Thursday, June 28, 2018

When School Isn’t Safe: Guest Post

I am sharing the following message this morning, with permission, to boost the signal for an important issue in our community.

It is a mistake to think that we can assure “school safety” by adding a police presence and other policies and procedures aimed at preventing outsiders from coming in to the school to do harm. Here we see, yet again, how the harm comes from within.

What will we do in Howard County to address the rising incidence of intolerance and harassment based on race, religion, ethnic origin, and sexual orientation? Young people mirror what they see at home and what they see in our present-day culture. How do we build strong school communities so that our students feel secure in the expectation that all are worthy of acceptance?

A message from the Jewish Federation of Howard County:

This is the first in what will be a series of periodic updates from me, as the Jewish Federation of Howard County’s newly-appointed Executive Director as of July 1. I am very happy that our Board of Directors has asked me to remain in a permanent capacity and look forward to working alongside our dedicated Board members, donors, clergy, and volunteers to build and strengthen Jewish life in the county.

Recently, the Federation has conducted a series of meetings and interventions with the Howard County Public School System (HCPSS), in close partnership with the Howard County Board of Rabbis (BOR) and the Federation’s newly-established Jewish Community Relations Council (JCRC). We met in response to several troubling anti-Semitic incidents in a county middle school, where a 13-year-old Jewish student was repeatedly taunted for being a Jew. Several classmates drew swastikas on her property and school property, and the student received physical and verbal threats – one stating that “Jews should be killed.”

While two of the student perpetrators were disciplined for their verbal abuses and hateful social media posts, those who drew swastikas were never clearly identified nor punished. The Jewish student became fearful of going to school, and though her parents forcefully advocated for her with senior HCPSS administrators and faculty, they decided to remove their child from the HCPSS as she could not tolerate the continuing harassment.

This is a shocking and disturbing outcome. The HCPSS ultimately failed the family – and most importantly, the child – in failing to create a safe learning environment for their daughter. The administrators and faculty failed to adequately follow established procedures with respect to bullying, and they simply mishandled the situation – even while previous cases of bullying and intimidation in the same middle school had resulted in harsh responses by the principal, as well as messages to the entire student body and parents of those children. None of that occurred with respect to this Jewish student.

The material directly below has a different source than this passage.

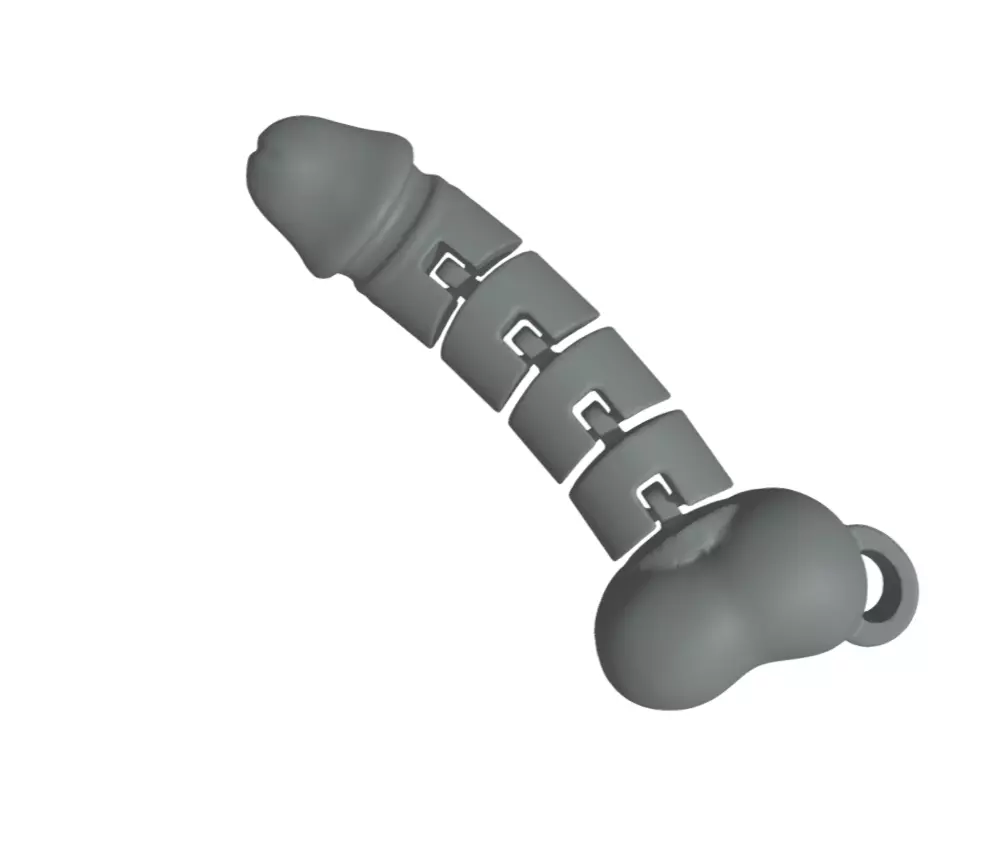 Dick - cock- keychain friendly flexy 3D print model_0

When the family first informed me and several local rabbis about the situation, in coordination with the JCRC in Washington, DC, we arranged for an eloquent Howard County Holocaust survivor to speak to the 7th and 8th graders at the middle school, which made a powerful impact on the students.

Then, in coordination with the Howard County BOR and JCRC, and immediately following the Glenelg High School graffiti incident, we met the senior HCPSS administrator responsible for diversity and inclusion issues who oversees the school system’s response to incidents like this. We urged the HCPSS to adopt the ADL’s anti-bias curriculum for K – 12 and to consult with the United States Holocaust Memorial Museum, which has developed outstanding curricula about hatred, intolerance, and anti-Semitism. We also asked that representatives of Howard County’s Jewish institutions be appointed to HCPSS’s curriculum review committee.

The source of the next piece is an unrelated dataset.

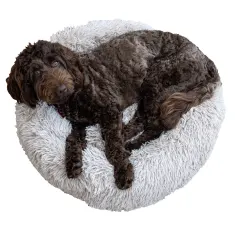 Shop Pet Accessories Online Clark Rubber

We urged the administrator to revive a moribund equity committee to recommend a consistent policy that protects all minorities from undue pressure and stigmatization. We also urged him to take steps so that teachers show greater respect for diversity in their music, arts, and other departments. (This was in response to another recent incident at a HoCo high school where a Jewish student was compelled to sing Christian- and Jesus-centric songs at an end-of-year choir concert, which made her very uncomfortable.)

Further, we urged the administrator to form a committee to review acts of intolerance, make recommendations to protect victims of bigotry and intolerance, and address how best to deal with and re-educate perpetrators of hateful acts. Finally, we urged the HCPSS to seek additional input from different ethnic, racial, and religious minority groups.

Then, earlier this week, we and the parents who withdrew their child from the system met with the senior HCPSS administrator, the Area Superintendent overseeing the middle school in question, and the HCPSS’s director of community, parent, and school outreach. We wanted to extract a commitment from them to ensure that no child – Jewish, Christian, Muslim, white, black, Asian, gay, or straight – would ever endure what this student had endured this year.

We achieved our objectives. The administrators committed themselves to review current policies and procedures. They also agreed to train administrators and teachers about proper responses to bullying and anti-Semitic incidents and provide all possible support to a student who is victimized. They acknowledged that there can be no let-up in disciplining perpetrators of these hate incidents.

I can assure you: we will hold the HCPSS’s feet to the fire as we move forward.

I want to publicly acknowledge and thank Rabbi Susan Grossman of Congregation Beth Shalom, Rabbi Amy Scheinerman representing the BOR, and Betsy Singer, who chairs our JCRC, who worked in close partnership with me as we addressed these issues.